Hiring a specialized recruiting agency like RadCoverage helps you find the most qualified candidates available. After that, it’s up to you to pick which of those candidates will be the best fit for you. Asking these five questions during the interview process will help you understand the different candidates and narrow-down your options.
1) Why Did You Choose Oncology?
Asking candidates about why they chose to go into cancer care tells you something about who they are as a person. Working in the medical field isn’t easy and you’re looking for a candidate who knows what they’re getting into and really cares about their job.
The question, “Why did you choose oncology?” should prompt candidates to share a story or some concrete reasons behind their choice to pursue this field. If they don’t address their motivation and/or goals specifically, then “What motivates you?” and “What are your personal career goals?” can be good follow-up questions.
2) What Separates You From Other Candidates?
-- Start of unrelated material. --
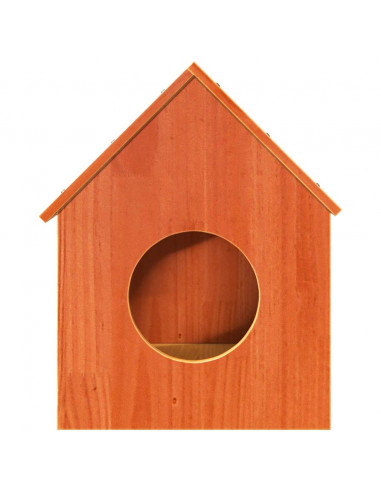 Cuccia per Gatti Marrone Cera 41x50x50cm Legno Massello di Pino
This question invites candidates to open up about their specific skills. Other variations of this question include, “What will you add to our practice?” and “Why should we hire you?”
When you ask this question, you’re looking for a candidate who can articulate their skills clearly. This question should also help you get an idea of how they’ll fit into your team. The ideal candidate should know what they have to offer a team, function comfortably as a team player, and demonstrate a desire to keep learning.
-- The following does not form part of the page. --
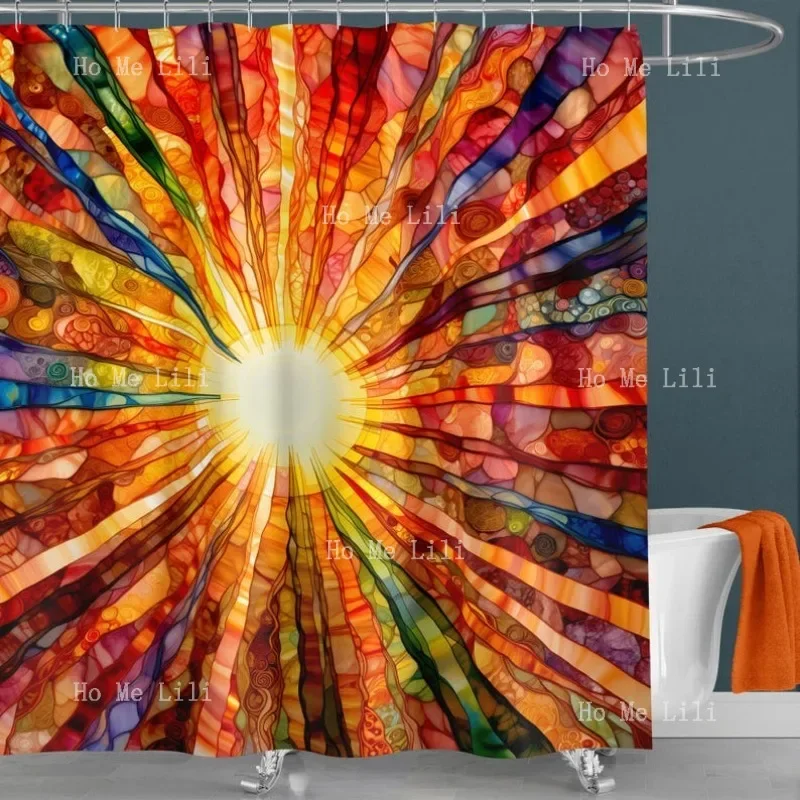 

Абстрактные солнцезащитные шторы для душа в пустыне, уникальные художественные, юго-западные, в стиле бохо, сияющие, разноцветные, с закатом, духовные, медитативные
3) Tell Me About A Time You Dealt With A Stressful Work Situation
Open-ended questions give you a chance to see how candidates respond when asked to share specific examples. If they speak in vague, general terms that’s a red-flag. Being able to share a story from their work helps demonstrate they understand the job.
Asking about stress at work also gives you a chance to assess how the candidate handles talking about difficult situations. You might consider following this question up with others, such as asking them to describe a mistake they made with a patient or trouble they had with a coworker. You’re looking for a candidate who seems honest and is committed to learning from situations that didn’t go as planned.
4) How Do You Prefer To Handle Patient Care?
The way candidates answer this question will help you decide whether they’ll fit into your team and how well their personal ideas align with your practice. Related questions include “How many patients are you comfortable seeing in a day?” and “How do you help create a great patient experience?”
You’re looking for candidates who demonstrate a commitment to being a team player and caring for all the patients they’re assigned. They need to show you that they understand the need to be efficient and productive while never compromising on patient care.
5) What Do You Think Of The Future of Oncology Care?
With this question, you’re looking for candidates to demonstrate they can think long-term and care about the future of their field. To get more specific, you might also ask what they know about The Oncology Care Model (OCM). Your candidates don’t have to know everything, but they should at least be familiar with the direction oncology care is heading.
This question can also give you an idea of how familiar candidates are with available technology and what their own career goals are. You might follow-up with the questions, “Where do you see yourself in 5 or 10 years?”